Friday, February 20, 2009

Trash & Treasure - Messages in the Mess


Lately on morning walks, I often wish I had remembered to bring along a bag in which to collect trash. Earlier this week while walking and wishing, I heard a honk from behind me. On cue, Jerry stopped and yes, had a bag, one of our many cloth ones, in his truck.

Within a half mile of foraging, this modern day hunter/gatherer's bounty included a filled bag as well as a portion of a car fender which I carried in my free hand. This probably didn't qualify as legitimate foraging. Foraging implies hunting. I took no more than three steps from the sidewalk to pick up each item collected.
The most unusual of my finds were the smallest and largest objects, a tiny pink pacifer lost possibly by a strolled child and a car fender, black and plastic with a partial frame still attached on the backside.

Walking along, I studied the fender. Suddenly I realized its shape was that of a head, the metal frame being the open jaws of an animal. Curious as to what else I might discover, upon returning home I laid out my collection to find a telling assortment of things, a collage to our petroleum-based culture.

As the photo shows, I had an assortment of 'pacifiers,' a myriad of food related ways in which we potentially pacify oursevles from candy, beer and soft drinks to the more health conscious water and nuts. I'm not anit-eating or any of the above food stuffs, but it only took a moment to realize my mess held many messages.

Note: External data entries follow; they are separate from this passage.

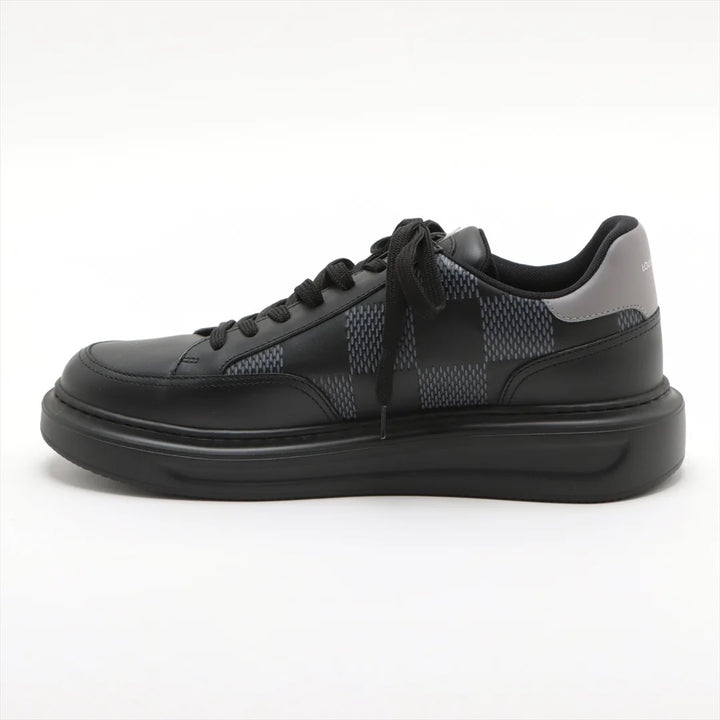 LOUIS VUITTON BEVERLY HILLS DAMIER GRAPHITE LEATHER SNEAKERS
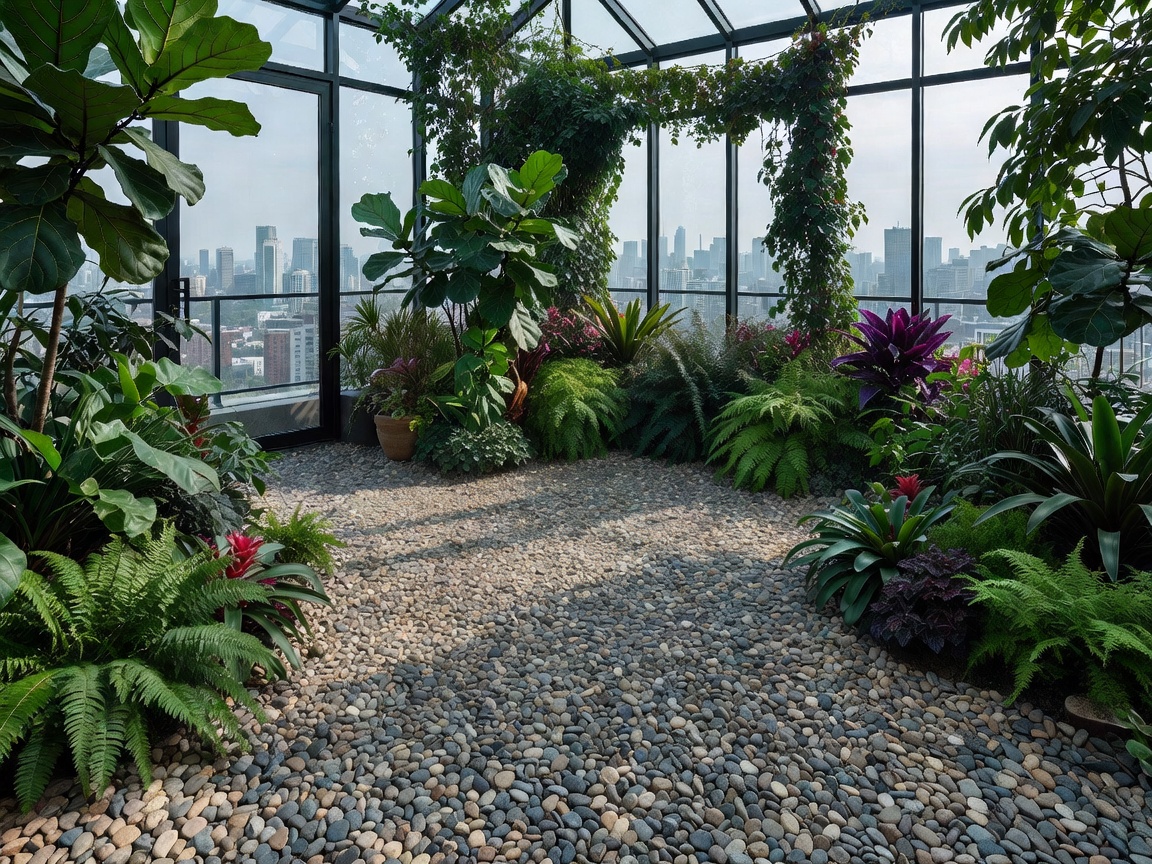 Lush urban conservatory penthouse terrace with textured gravel ground covers
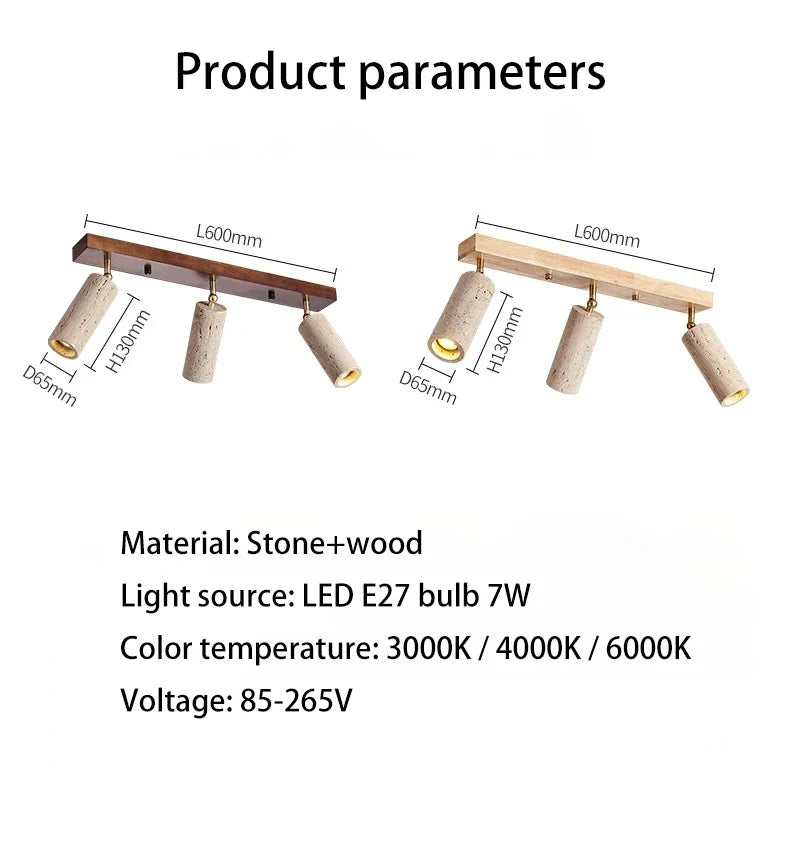 GYS Stone/Wood LED Spotlight 3 Heads Surface Mounted Ceiling Lamp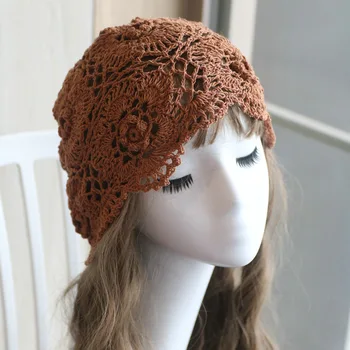 Елегантна обемна шапка-превръзка на главата от памучна нишка във формата на цвете-куката, етнически стил, ретро, скъпа пролетно-лятна шапка с тънки кухи дрямка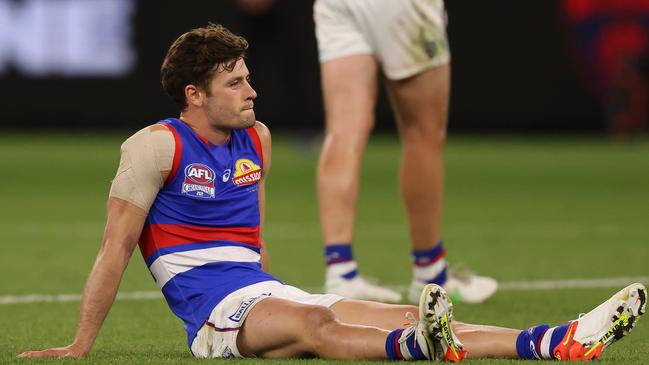 PERTH, AUSTRALIA - SEPTEMBER 25: Josh Dunkley of the Bulldogs is dejected after the Bulldogs were defeated by the Demons during the 2021 AFL Grand Final match between the Melbourne Demons and the Western Bulldogs at Optus Stadium on September 25, 2021 in Perth, Australia. (Photo by Paul Kane/Getty Images)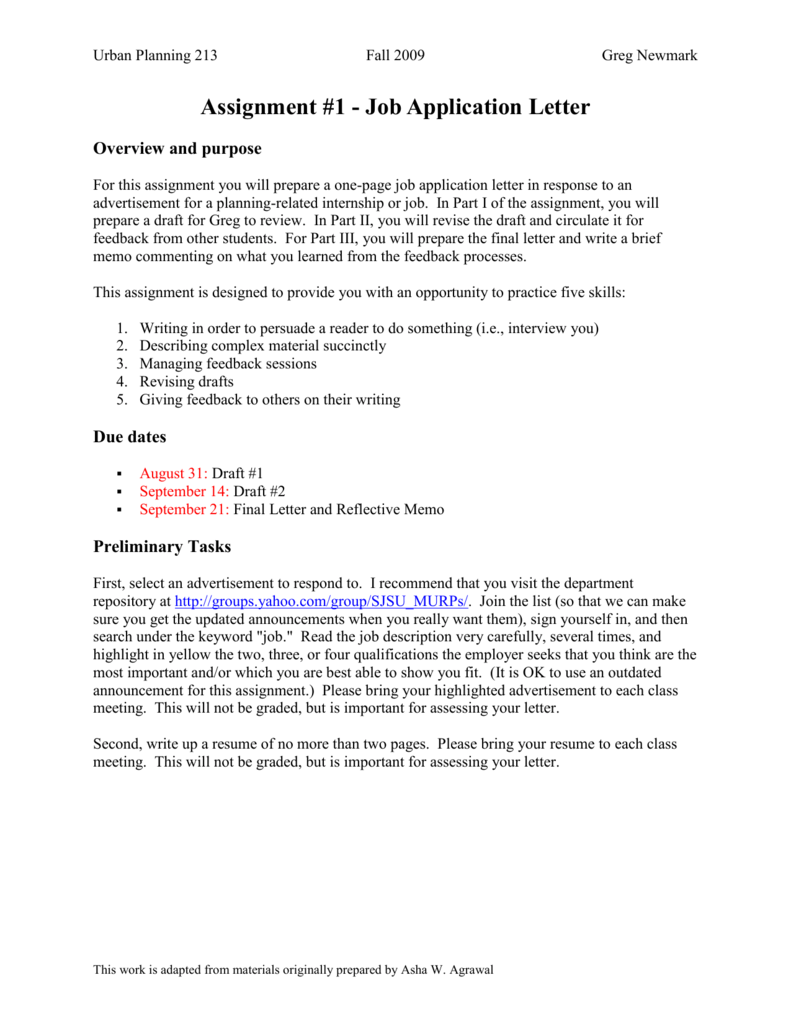 Job application letter for advertised position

Seen symbolically the jaw-like frame represents the dying industrial beast we've collectively created consuming without consciousness as to what we put into our bodies as well as into the Earth and the atmosphere.

Of course, most everything I collected was packaging. Only a short time ago, foods were packaged in their skins and peels which were often eaten for nutritional value. (Now we buy vegetable washes to remove chemicals from the peels and place them in garbage disposals or garbage cans.) From magazine covers and runway models to boxes and containers, we've become a packaging oriented society. Outer's been valued more than inner.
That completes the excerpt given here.